Be wary of people who say they don’t see color or differences, just human beings.

“When someone says to me ‘I don’t see race, I don’t see differences.’ I say, ‘Go back and start again because that is not the process that is going to move us forward,’” said Tutu, who founded Nozizwe Consulting. The guiding principle of Nozizwe, which means Mother of Many Lands, is to bring different groups together to learn from and celebrate their differences and acknowledge their shared humanity.

Tutu said she isn’t ashamed of her race and culture but hasn’t liked some of the experiences she has had as a Black woman, especially living in apartheid South Africa.

Apartheid was a system of racial segregation and discrimination which existed in South Africa from 1948 to the early 1990s that was enforced by the white minority government.

“I believe God created me a Black woman because God needed me as a Black woman in this world at this time,” Tutu said.

The many ways we are different are absolutely necessary for the thriving, and the survival even, of our communities, country and world, Tutu told the crowd.

“Each of us come with stories, with gifts, with challenges and with ideas,” she said. “If we close the door to someone because of the way they look, because of the way they worship, because of the way they love, then we are closing off an opportunity for ourselves to live a fully just world.

“We need each other,” she added. “We cannot survive, let alone experience the justice that is God’s peace, without recognizing and celebrating our shared humanity.”

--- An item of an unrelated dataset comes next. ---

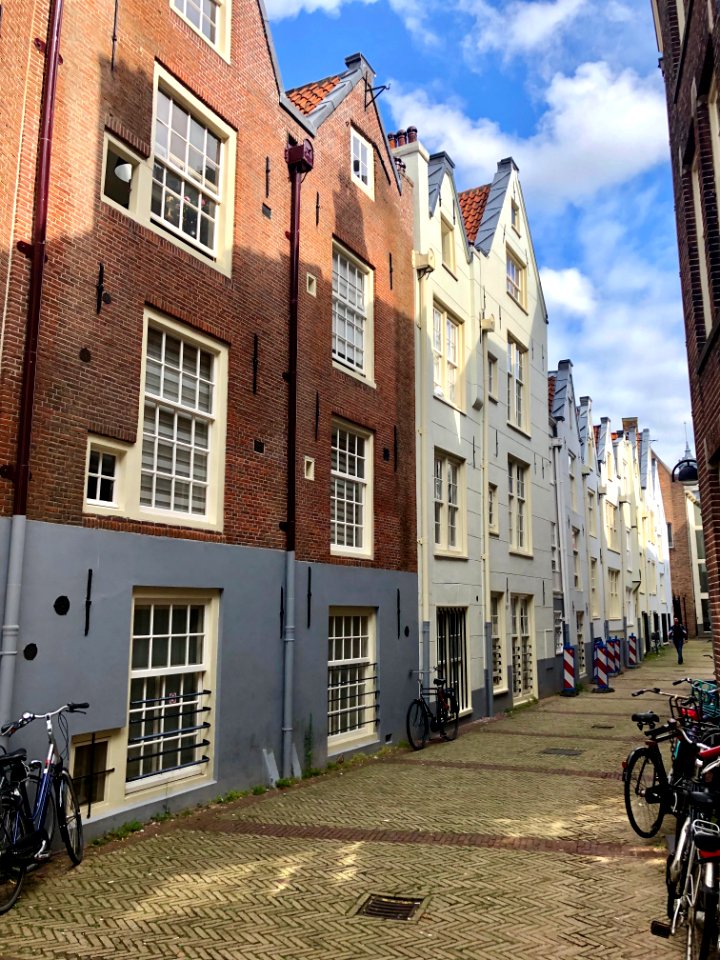 Gedempte Begijnensloot, Binnenstad, Amsterdam, Noord-Holla…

We should be like children who notice differences and want to learn about them, Tutu said.

“All the time children ask questions about differences because they want to expand their mind of the world,” she said. “If we are those who say we strive for justice, then we have to start by being those who want to expand our knowledge of the world, to hear the stories that are not our story, to understand how people come to be in the situations in which they find themselves.”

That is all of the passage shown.